While 66% of the bankers appear to be confident regarding the implementation of their Brexit contingency plans and 66% of them agree that the agreement reduces the general economic uncertainty over the year ahead, the industry saw the level business with overseas customers plummet this quarter which may be an indication that Brexit has started to have an impact on customer choice.
Despite turbulent times in the sector, banks significantly increased their investment in hiring new people and focus on training.
Banks are feeling a lot of competition and a lot of pressure; they need to develop new systems, new services and have better digital interfaces for customers. At the same time they still have to deal with a lot of regulatory requirements (eg MiFiD II, GDPR, PSD2), which means less money and less people to do what they want to do.
With digital technology’s dramatic impact and in view of the changes, possibilities and opportunities that Open Banking is bringing about and the entrance of non-traditional providers of services, banks plan to invest in their own digital channels to face competition. They need to offer competitive products and services supported by efficient IT function, and this is a key priority regarding their spending over the next 12 months.
Banks will keep focussing on forming strategic alliances with particular interest in M&A transactions, which has picked up following a decline over the last 2 quarters. According to our recently published Open Banking survey banks recognise the disruptive potential of Open Banking and are treating it as a critically important strategic topic considering the possibility of complementing their offerings through partnerships with FinTechs.
In line with previous quarters, organic growth activities such as acquiring new customers and cross-selling to existing ones are main elements for growth over the next 12 months.
Statutory legislation and regulation continues to be seen as the most important factor limiting their ability to increase their business levels, while regulatory compliance spending levels will grow at the same pace as in the previous quarter.
Insurers are facing a tough competitive environment and will keep investing significantly in people as well as technology in order to provide new services and increase efficiency.
Looking at general insurers, optimism slightly improved together with business volumes which are expected to further increase in the next 3 months. After a spike in their headcount last quarter, hiring has stabilised, in contrast to all the other financial services industries. General insurers reported the lack of available professional staff as their most important barrier to growth.

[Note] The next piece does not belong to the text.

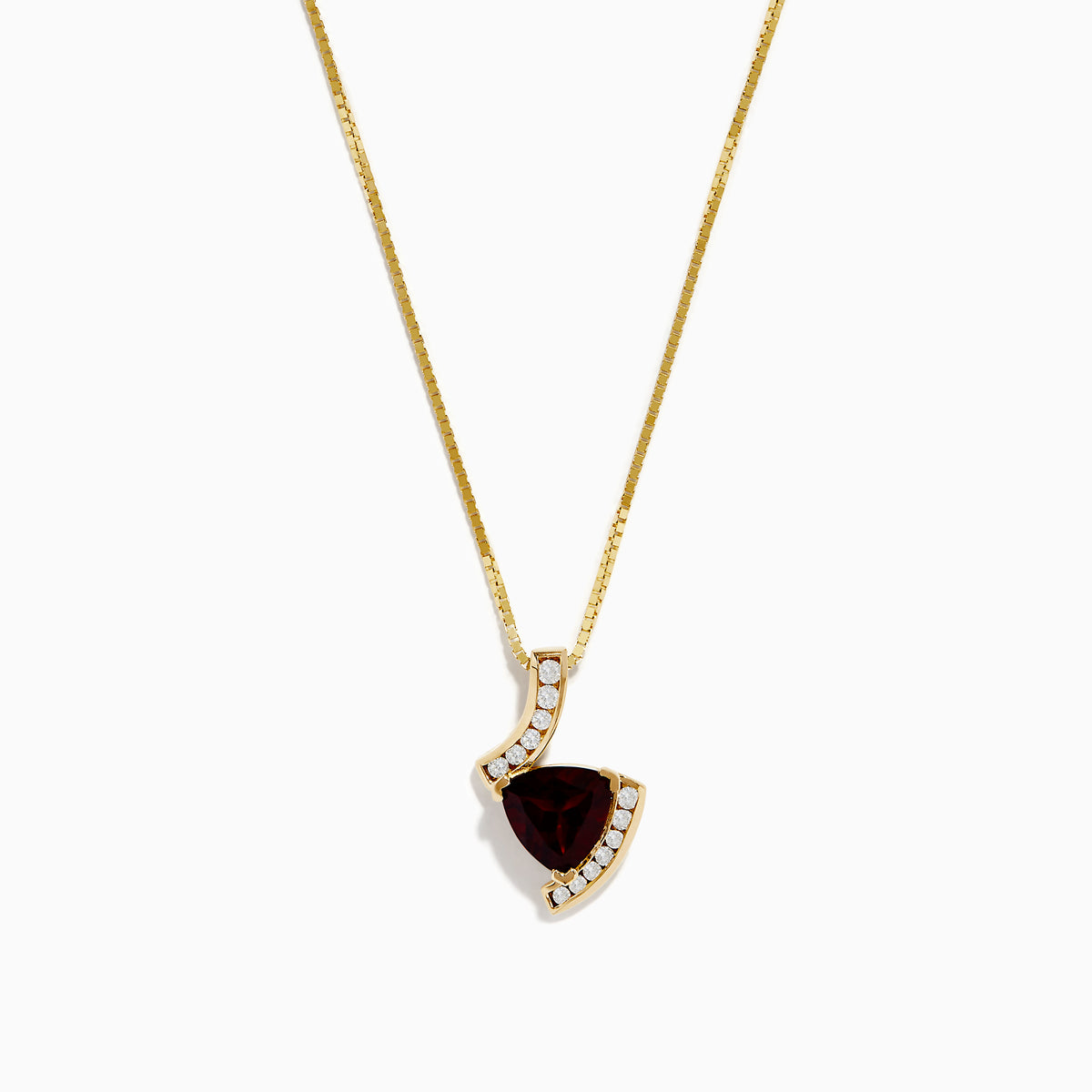 The 14K Yellow Gold Garnet and Diamond Pendant features a deep red, triangular garnet accented with small diamonds in a curved, asymmetrical design.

Insurance brokers’ sentiment plummeted this quarter, although profitability levels went up and are expected to rise further in the next quarter. Given the tough competition they face, they continue to increase their headcount and will keep investing in technology in order to increase efficiency and speed and reach out to new customers.
Spending for regulatory compliance will continue to grow at a rapid pace over the next year, for both general insurers as well as insurance brokers.
Growth is expected to come from cross-selling to existing customers. In insurance broking, we also see an increased interest in pursuing growth through M&A transactions and by forming new alliances.
After a significant decline last quarter, investment managers’ optimism levels have stabilised, driven by increased profitability and a focus on operating costs. This improvement in business profitability also looks set to continue for the next 3 months.
With Brexit creating uncertainty about the UK’s ability to continue to attract global financial services talent and technological disruption requiring more diverse skill sets, it’s not surprising that the people agenda ranks very high this quarter. Investment managers are leading the Financial Services sector in their investment in hiring and training (which will continue over the next 3 months) as they regard the shortage of labour and the availability of professional staff as the most important limitations for their growth.
AWM firms will keep investing heavily in technology for the next 12 months to increase efficiency. With artificial intelligence, robotics, big data, blockchain and new Fintech entrants transforming the financial services landscape AWM firms must invest in new technology to compete in the new age.
Looking ahead, investment managers are focussing on acquiring new customers from domestic markets rather than on new product launches (there is a desire to consolidate portfolio offerings to reduce cost).
Firms in the AWM sector reported a significant decline in planned land and building investment, reflecting the general trend of companies moving towards a more flexible and mobile workforce to reduce costs.
After a surge in recent quarters, growth in planned regulatory spending over the year ahead eased to its slowest for two years, with firms in the AWM sector focusing on embedding regulatory change in their business as usual.